New Colorado State Senate President Bill Cadman, R-Colorado Springs, presides over the Senate during the opening session of the 2015 Colorado Legislature. (AP Photo/Brennan Linsley)
A measure to allow for charges in the death of an unborn child won initial approval in the state Senate on Monday, an eventful start to the final full week of the General Assembly session.
The bill, sponsored by Senate President Bill Cadman, of a pregnant Longmont woman whose 7-month-old fetus was cut from her womb and later died.
Cadman, a Colorado Springs Republican, said the attack on Michelle Wilkins is just the latest case in the state that demands justice for the pregnant woman and the unborn child.
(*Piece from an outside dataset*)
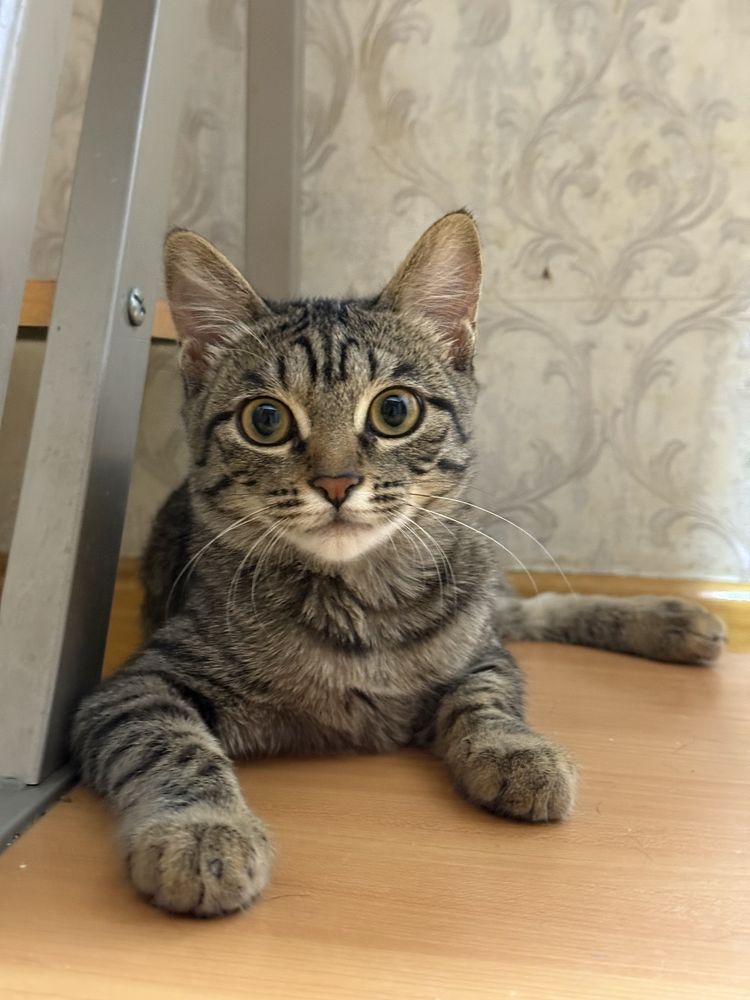 Отдам в добрые руки котята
“It would provide for a law that would fill a significant gap,” he said.
The voice vote to approve the bill — which came after a lengthy debate — and votes on amendments indicated that the bill is likely to pass 18-17 along party lines with the majority Republicans in favor. But the Democratic House is expected to block it.
In the Senate debate, Democrats unsuccessfully sought to amend the bill to take out the language defining a person as an “unborn child at every stage of gestation from conception until live birth.” Another amendment that failed would have gutted the measure to only increase the penalties in attacks on pregnant women under Colorado’s current law.
The critics cited concerns that Senate Bill 268 included verbatim sections from model legislation proposed by Americans United for Life, an anti-abortion organization, and cited similar laws in other states where district attorneys prosecuted pregnant mothers for endangering the child.
“It makes me and many others very nervous to go down … this path,” said Senate Democratic leader Morgan Carroll of Aurora.
Cadman said the bill is limited by language exempting actions of the mother and only applies to cases in which the mother doesn’t consent. “Against the wishes of the mother — that’s the caveat,” he said.
The final Senate vote is expected Tuesday before the bill goes to the House, where Speaker Dickey Lee Hullinghorst, D-Boulder, has said it would fail.